Forget the comfort zone. For Hannah Jiao, a second-year master’s student in the Luddy School of Informatics, Computing and Engineering, it’s time to learn a new way of thinking and solve real-world problems.
And, hopefully, find a great job.
Welcome to the client-based collaborative project between Salesforce and the Luddy School’s AI Development and Experience Lab. With help from a pair of Salesforce employees and Salesforce LAIDEL faculty fellows Sai Shruthi Chivukula, visiting assistant professor, and Damir Cavar, associate professor of data science, the project guides students to develop new AI applications or apply existing AI technology to new problems and meet business needs.
Students work in teams led by coaches from Salesforce, who present them with current business problems to solve. Coaches provide guidance throughout the project. Chivukula and Cavar are mentors.
“This is a good opportunity so we can understand how a big company works,” says Jiao, who is studying human computer interaction.
Salesforce, Inc. provides customer relationship management software and applications focused on sales, customer service, marketing automation, analytics and application development.
LAIDEL helps students develop the knowledge and skill to do that.
“This semester is going incredibly well,” says Brandon Brackett, Salesforce director of digital experience strategy. “The students are asking all the right questions, and tackling each step in the curriculum just how we would in our day-to-day jobs.
“I hope that the students can see similarities in what they've learned through their academic journey and how they apply to real-world problems. The attention to detail and overall understanding of the project has been fantastic to see. I hope everyone is having as much fun as I am!"
There are two main projects -- the Trailhead Project and the Einstein Prediction Builder. Students are divided into five groups.
The Trailhead Project focuses on integrating two different websites (Trailhead and Salesforce). The central question -- how can the Trailhead site be easily accessed on the Salesforce site?

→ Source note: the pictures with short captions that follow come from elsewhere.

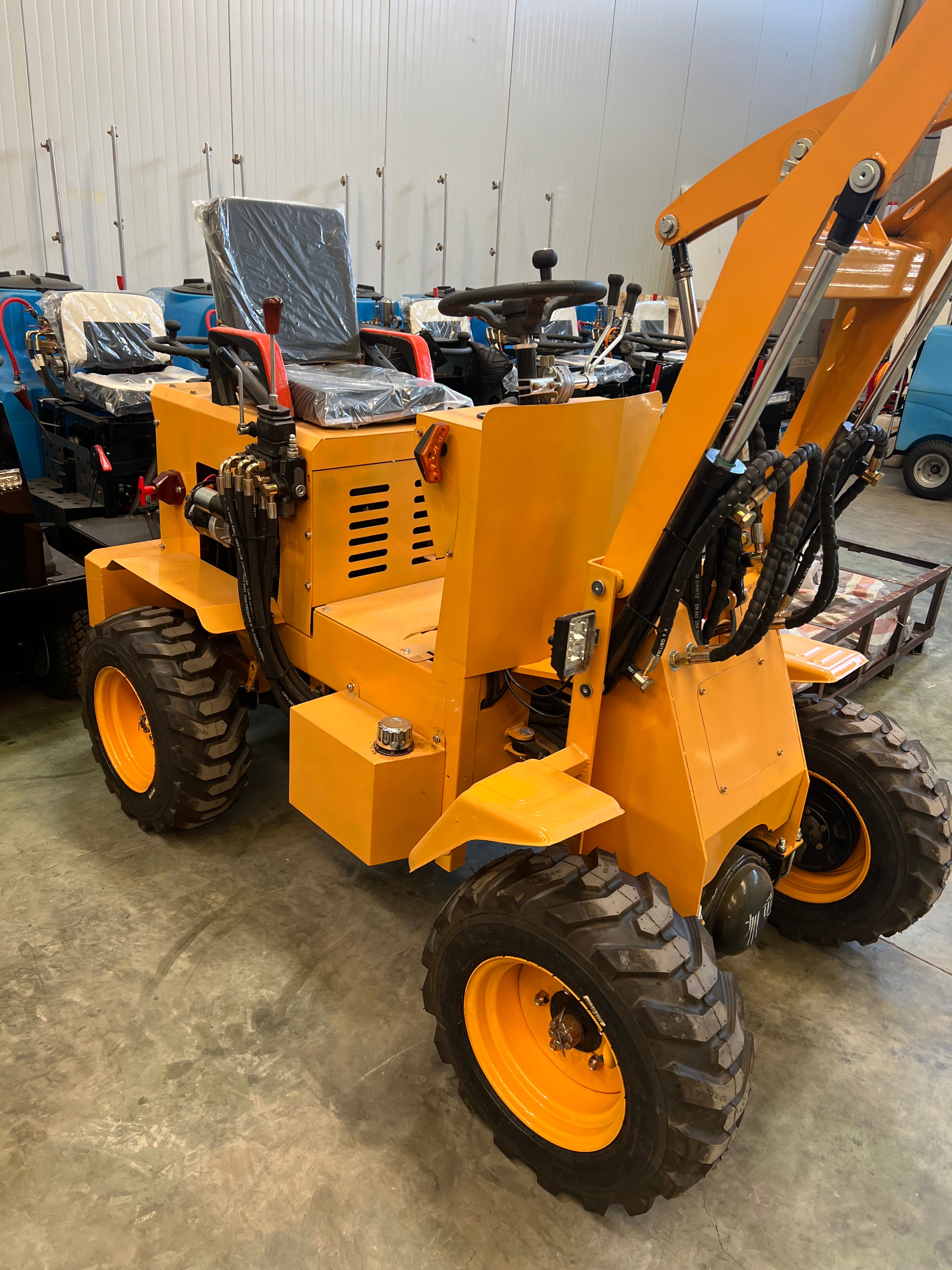 Mini Cargadora Diesel Articulada 4x4 de Ruedas 750kg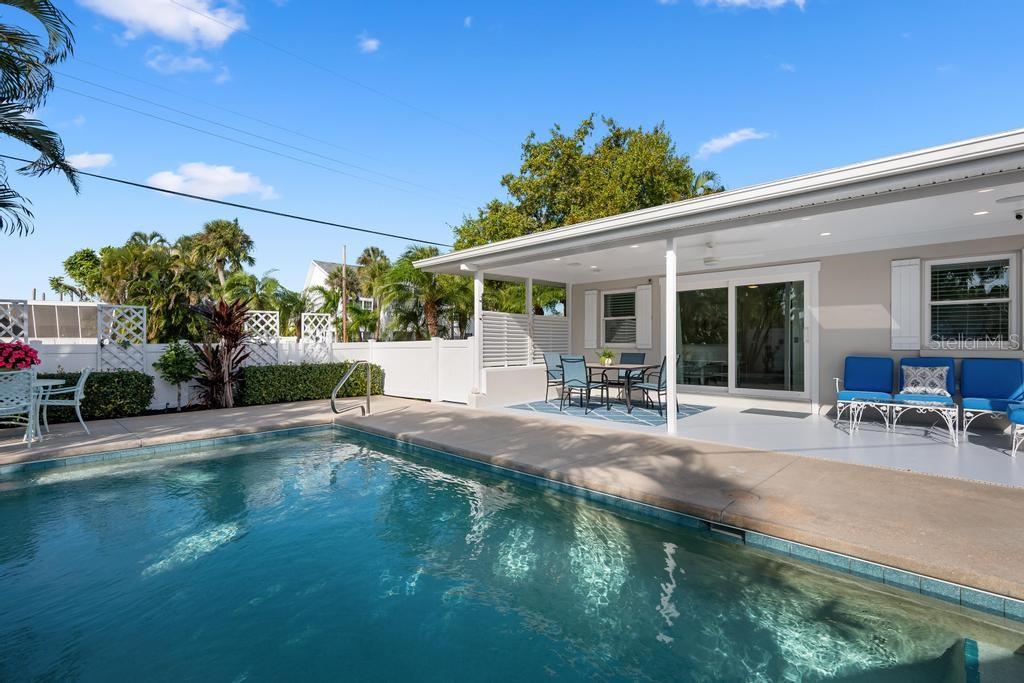 HOLMES BEACH 33RD UNIT - Residential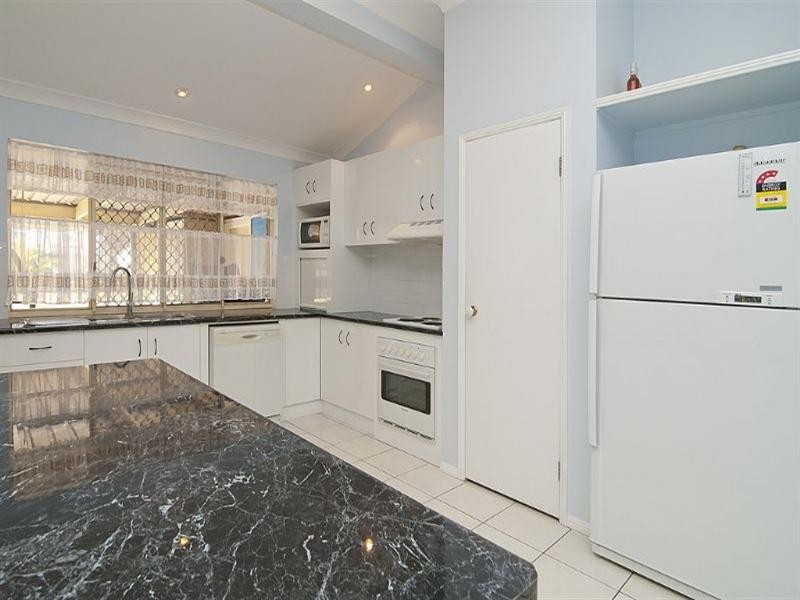 9 Aquamarine Street, Springfield QLD 4300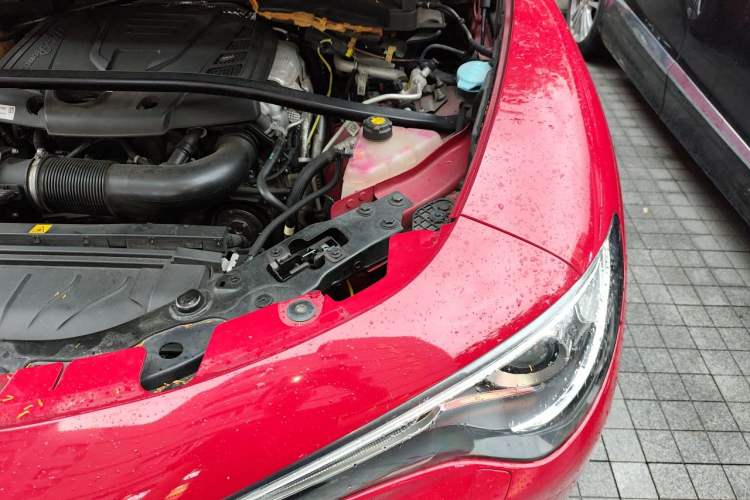 Used Alfa Romeo Stelvio 2017 2.0T 200HP Elite Edition Engine Bay Left
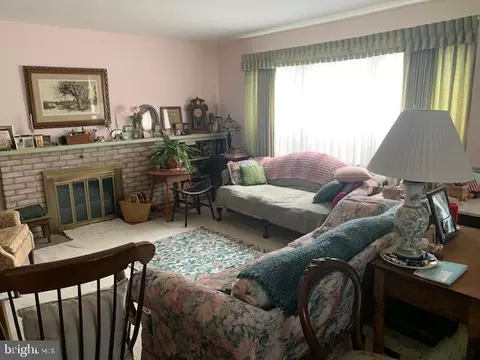 707 N Waverly St, Reading, PA 19607 photo 6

The Einstein Prediction Builder, which includes one data science student for each group, is designed to make integration between Trailhead and Salesforce easy to build for those without technical backgrounds.
“The students have the plan,” Chivukula says. “They have all the resources they need. They can ask Salesforce clients nitty-gritty questions.”
Adds Jiao: “We have a plan that is clear and helpful.”
Jiao is one of 18 second-year master’s students participating in the 16-week course, which involves three progress presentations and a final presentation.
Th goal is to provide educational experiences far beyond a classroom setting. The biggest benefit is that “students are getting client interaction while they’re in school.”
“Most have done internships, but many did not have business experience before,” Chivukula says. “This is a trial run for them to understand that this is how it works. There is a pace they have to understand.”
In other words, there are deadlines to meet and pressures to overcome.
“Now they’re getting the practical side of things,” Chivukula says. When that happens, she adds, “decision-making changes.”
“That changes the students’ perspective. They need to constantly see if the project is feasible. They don’t do that in a class setting. It builds their design thinking in a much more practical way.”
Beyond that, Chivukula says, it adds to their portfolios.
“That ups their games. All of them will apply for jobs. This is a project with a title with a company name rather than just a class project.”
Students are connected online with Salesforce coaches. Instruction is virtual only. Weekly plans are given, presentations are required, and collaboration tops the priority list.
“In industry,” Chivukula says, “you don’t work separately, you work together.”
The emphasis is to take what’s done in classroom settings, where students are free to try multiple approaches, and blend them into real-work situations where they target the most efficient and cost-effective approach.
“They get feedback to improve their technique and make this product better,” Chivukula. “In the classroom, there’s no real-world impact of what they create. It’s only learning focused.”
In business, impact is crucial.
“The product is real,” Chivukula says. “There are millions of people using it. There is accountability. Students have to restrain themselves and learn that balance.”
Cavir works with students to set up natural language processing and AI pipelines on products to map out information into a specific graph model. That will be used for machine learning.
He hopes to soon enter a phase of “real experimenting” with post-data preparation and algorithms setup, and concrete processing.
“We are developing interesting approaches to common problems known to Salesforce and other such companies,” Damir says. “The students seem well motivated and interested.”
Jiao says students want hands-on experience to learn how Salesforce employees work on product design. They want insight in not just how the product is designed, but why it’s designed the way it is.
“Students have to work with clients,” Chivukla says. “There are real business objectives, real money going on there.
“They also are working in groups and working remotely. Learning this skill is essential in today’s world. How do you work remotely with clients? How do you talk in company language? I wish every student would get this experience.”